Enfin la COP21 en 2015 à Paris a été plus loin en débouchant sur le premier traité international de réduction des émissions, engageant l’ensemble des États à contenir le réchauffement climatique bien en deçà de 2 °C et si possible à 1,5 °C par rapport à l’ère préindustrielle. Le traité stipule aussi que la neutralité carbone devra être atteinte dans la seconde moitié du siècle.
Pourquoi les COP sont parfois décriées ?
Lors des COP, le rapport de force entre les industries polluantes et les ONG est très déséquilibré. Par exemple, à Dubaï l’an dernier, près de 2 500 lobbyistes des énergies fossiles avaient été accrédités. Un record. « Pendant que les industries polluantes — qui sont la source même de la crise climatique — s’assoient à la table des négociations, les gouvernements rendent chaque fois plus difficile la participation de la société civile aux discussions : il est difficile d’obtenir des visas, les accès aux espaces et prises de décisions sont réduits », déplorait Rachel Rose Jackson, de l’ONG Corporate Accountability, auprès de Reporterre.
Par ailleurs, les COP n’ont pas empêché les émissions de CO2 de continuer à augmenter dans le monde : en 2023, elles ont atteint 36,8 milliards de tonnes, en hausse de 1,1 % par rapport à 2022. L’institut européen Copernicus a annoncé jeudi 7 novembre qu’il est désormais « pratiquement certain » qu’en 2024, la barre d’un réchauffement à plus de 1,5 °C au-dessus de la période préindustrielle a été atteinte. Les chances d’atteindre les objectifs contenus dans l’Accord de Paris semblent impossibles.
La raison : si les engagements des États paraissent ambitieux, ils ne sont pas suffisants. L’ONU a indiqué que les engagements pris par les États aboutiraient à « 66 % de chances de limiter le réchauffement à environ 2,6 °C à la fin du siècle ». Par ailleurs, c’est ensuite aux États de prendre le relais de leurs engagements au niveau de leur législation nationale.

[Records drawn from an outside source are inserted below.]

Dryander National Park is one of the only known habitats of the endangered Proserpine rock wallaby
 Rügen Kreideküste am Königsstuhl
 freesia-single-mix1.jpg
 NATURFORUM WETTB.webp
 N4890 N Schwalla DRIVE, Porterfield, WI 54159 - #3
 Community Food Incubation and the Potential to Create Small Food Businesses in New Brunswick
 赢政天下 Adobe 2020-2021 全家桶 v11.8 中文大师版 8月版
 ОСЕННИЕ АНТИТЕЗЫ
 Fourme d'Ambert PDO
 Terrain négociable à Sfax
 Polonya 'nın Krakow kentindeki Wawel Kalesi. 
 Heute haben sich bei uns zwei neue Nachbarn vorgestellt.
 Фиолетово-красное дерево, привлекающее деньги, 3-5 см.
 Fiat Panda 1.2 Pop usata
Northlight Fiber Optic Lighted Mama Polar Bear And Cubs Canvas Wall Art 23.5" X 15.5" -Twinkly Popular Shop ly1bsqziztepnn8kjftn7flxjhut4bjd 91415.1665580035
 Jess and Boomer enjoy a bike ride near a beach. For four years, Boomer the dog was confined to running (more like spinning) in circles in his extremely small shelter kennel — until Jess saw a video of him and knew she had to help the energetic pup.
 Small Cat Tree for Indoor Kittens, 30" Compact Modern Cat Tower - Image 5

Alors, à quoi bon continuer ? Pour leurs défenseurs, les COP ont au moins le mérite d’exister. Que ce soit pour permettre la construction de règles communes, maintenir une pression sur les États, favoriser l’échange d’information ou stimuler la mobilisation de la société civile, les COP font partie des outils pour lutter contre le dérèglement climatique. Interrogé sur le sujet par Reporterre en 2021, François Gemene expliquait que « les COP ne peuvent pas tout résoudre : ce ne sont que des forums de discussion entre gouvernements, qui essaient d’organiser la coopération internationale. Mais au final, tout dépend des gouvernements ».